(Brief descriptive captions)
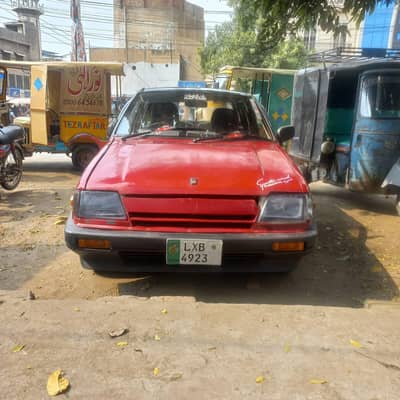 Suzuki Khyber 1997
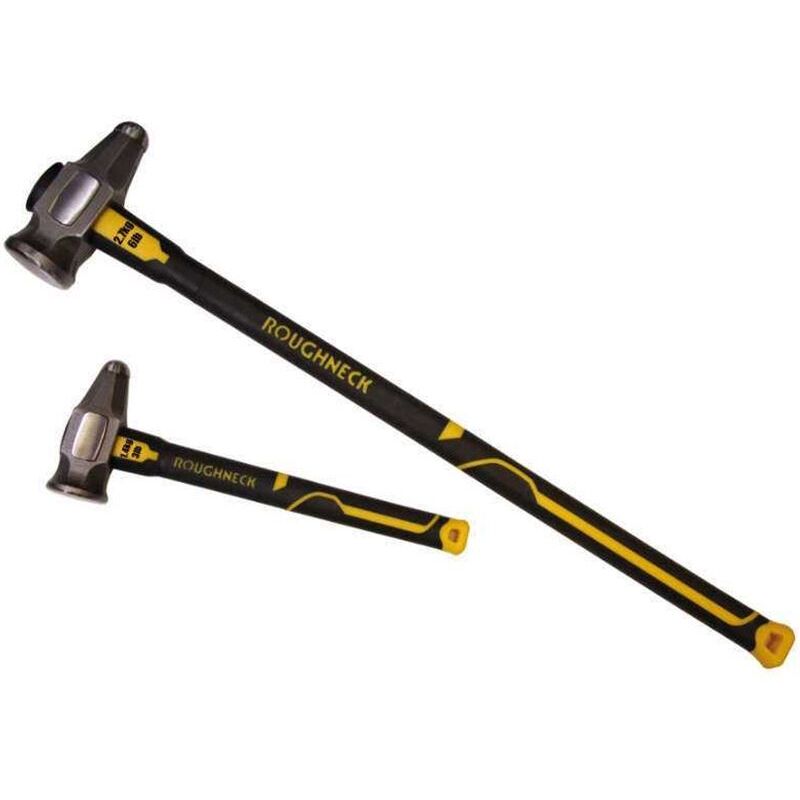 

Maza 'GorillaSLEDGE HAMMERS' L/KG - 780/3.6 - Roughneck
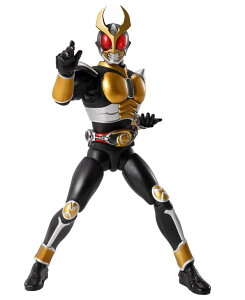 TAMASHII NATIONS S.H.�t�B�M���A�[�c�i�^�������@�j ���ʃ��C�_�[�A�M�g �O�����h�t�H�[�� 25th Anniversary Ver. ��145mm PVC&ABS�� �h���ς݉��t�B�M���A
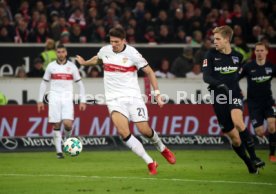 VfB Stuttgart - Hertha BSC Berlin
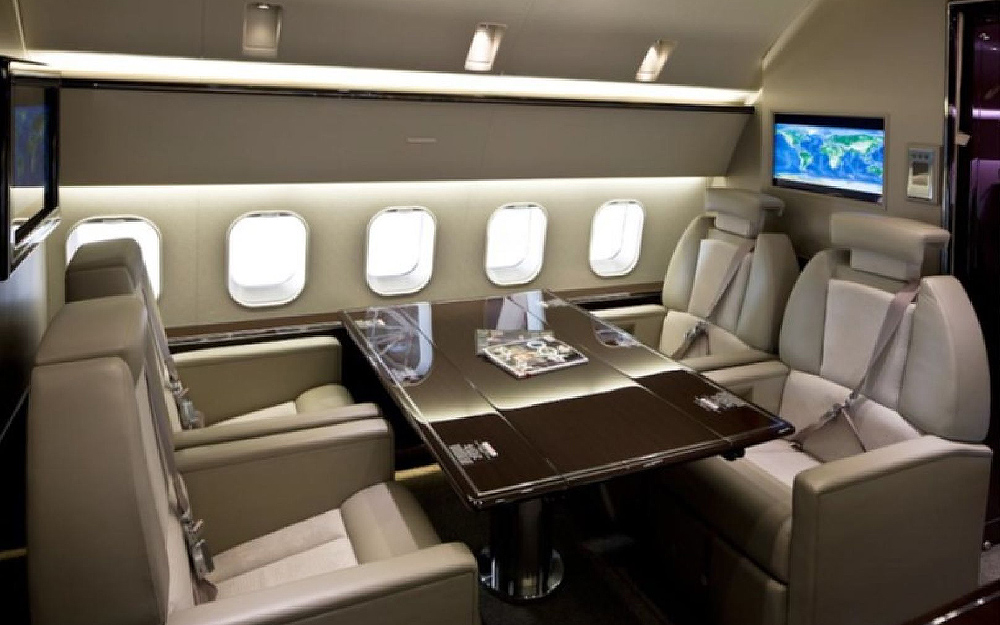 2012 BOEING BBJ-1 S/N 38633 - Leader Luxury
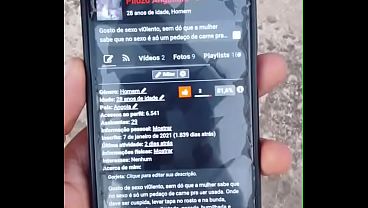 Vídeo de verificação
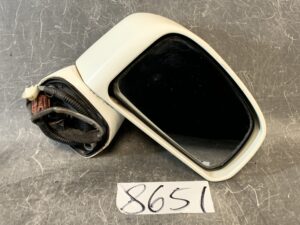 NISSAN TIIDA / TIIDA LATIO C11 NC11 SC11 SNC11 Genuine Door Mirror / Right Side x1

### The task
In the records above, find the line with "TAMASHII NATIONS S.H.�t�B�M���A�[�c�i�^�������@�j". Print exactly from there through the line with "Vídeo de verificação", minus the pictures.

### The answer
 TAMASHII NATIONS S.H.�t�B�M���A�[�c�i�^�������@�j ���ʃ��C�_�[�A�M�g �O�����h�t�H�[�� 25th Anniversary Ver. ��145mm PVC&ABS�� �h���ς݉��t�B�M���A
 VfB Stuttgart - Hertha BSC Berlin
 2012 BOEING BBJ-1 S/N 38633 - Leader Luxury
 Vídeo de verificação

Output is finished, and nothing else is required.